[EXCERPTED DATA]
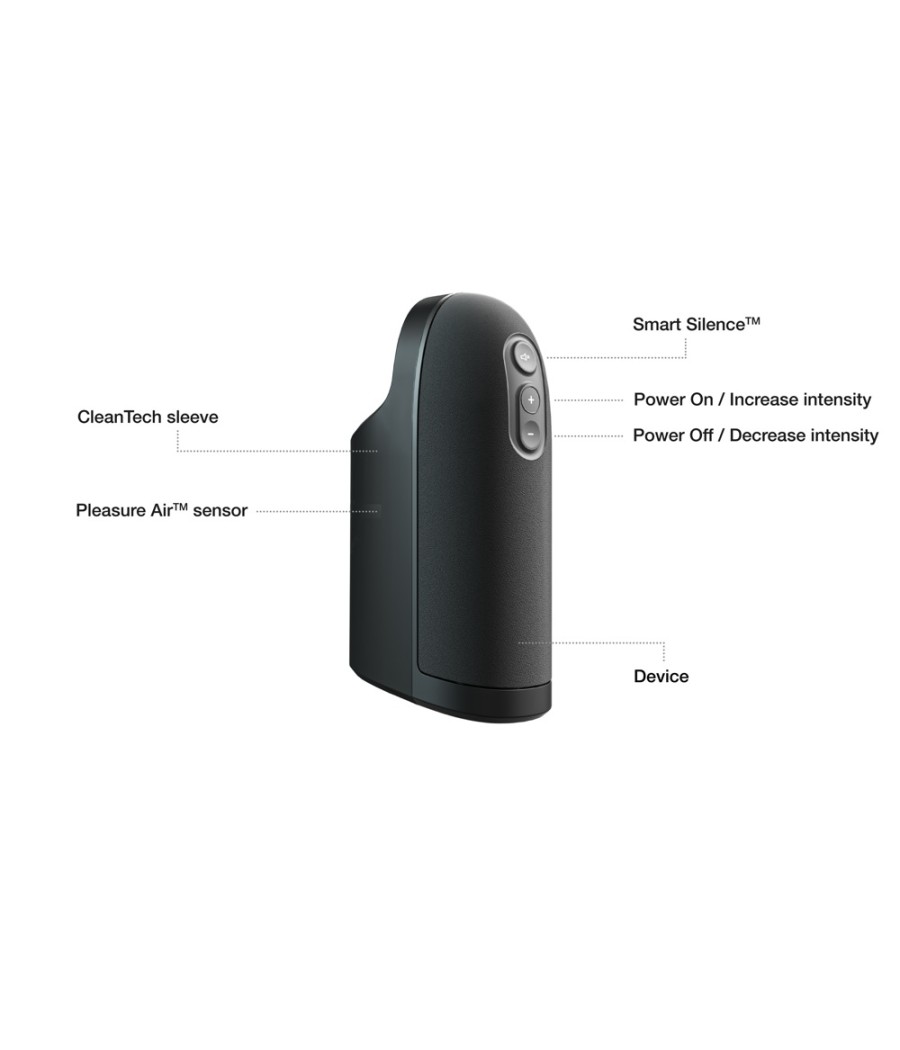 Masturbatore Arcwave ION A.I.
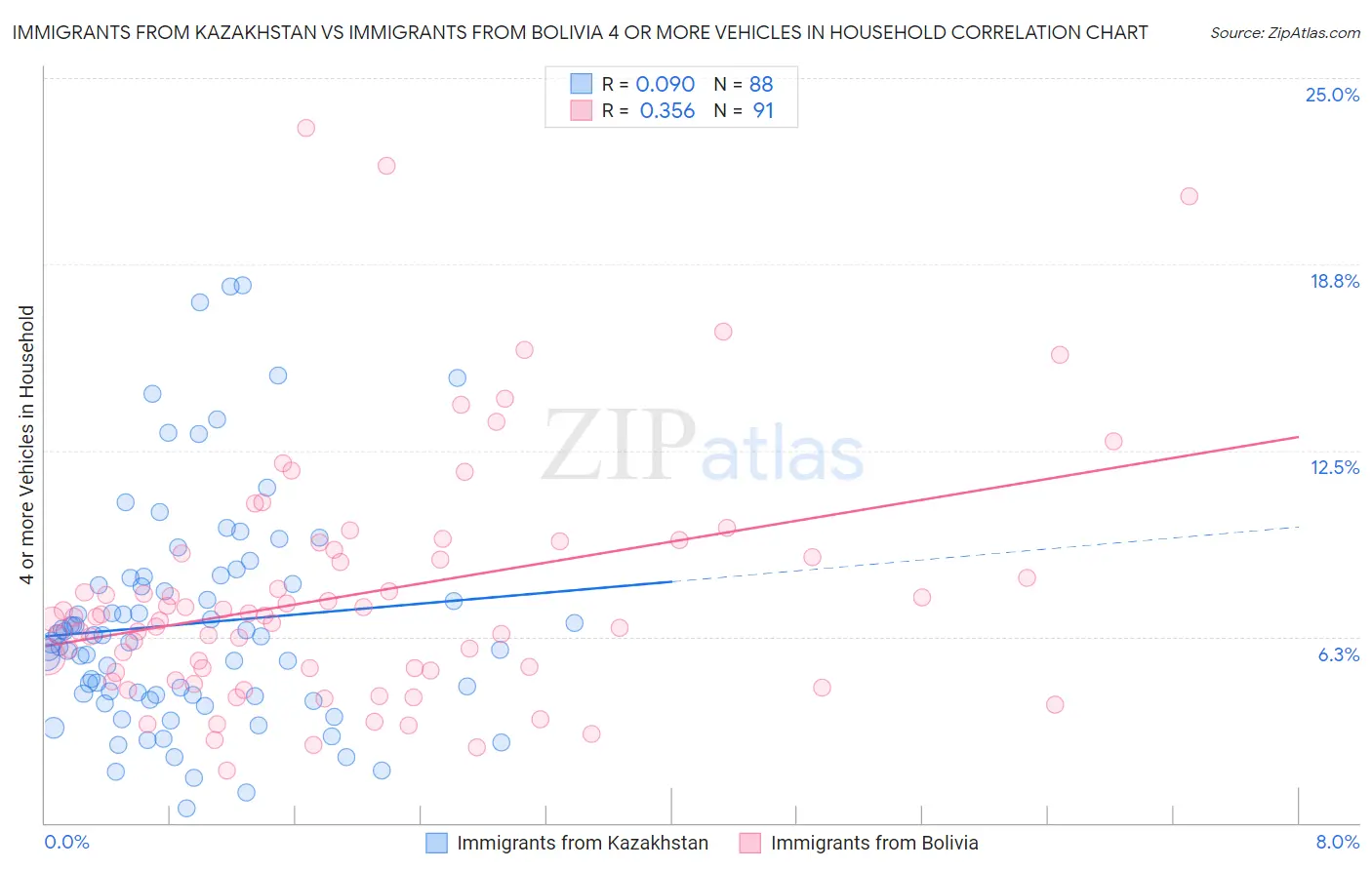 Immigrants from Kazakhstan vs Immigrants from Bolivia 4 or more Vehicles in Household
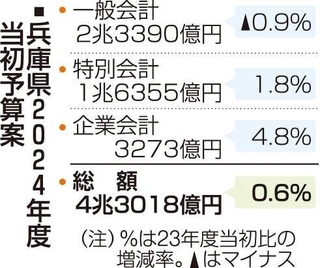 神戸新聞ＮＥＸＴ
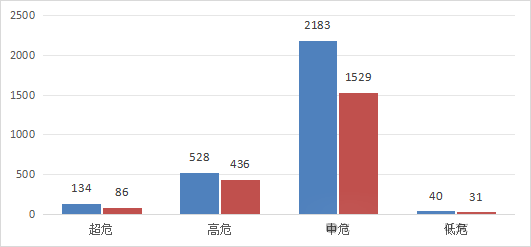 信息安全漏洞月報（2024年8月）圖3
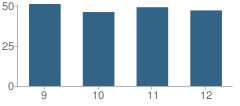 Number of Students Per Grade For Fillmore Central High School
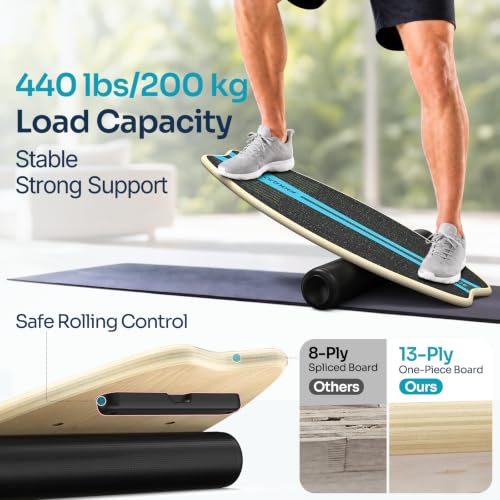 Sportneer Balance Board - 7 Mode Wobble Board with Roller & Ball - color: Sky Blue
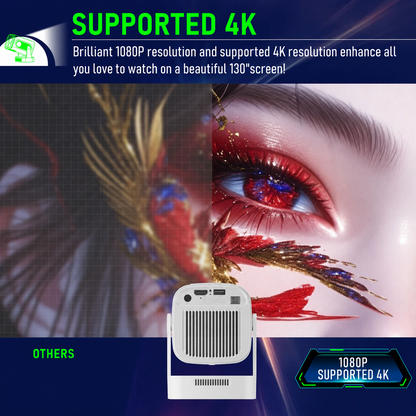 HY260 Smart Projector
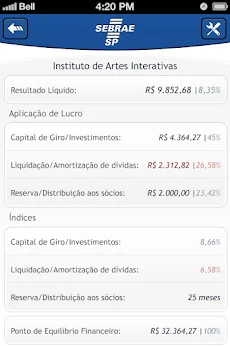 sebrae 10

[WORK REQUIRED] Please retype the records above exactly, leaving every image out.

[RESULT OF THE EXERCISE]
 Masturbatore Arcwave ION A.I.
 Immigrants from Kazakhstan vs Immigrants from Bolivia 4 or more Vehicles in Household
 神戸新聞ＮＥＸＴ
 信息安全漏洞月報（2024年8月）圖3
 Number of Students Per Grade For Fillmore Central High School
 Sportneer Balance Board - 7 Mode Wobble Board with Roller & Ball - color: Sky Blue
 HY260 Smart Projector
 sebrae 10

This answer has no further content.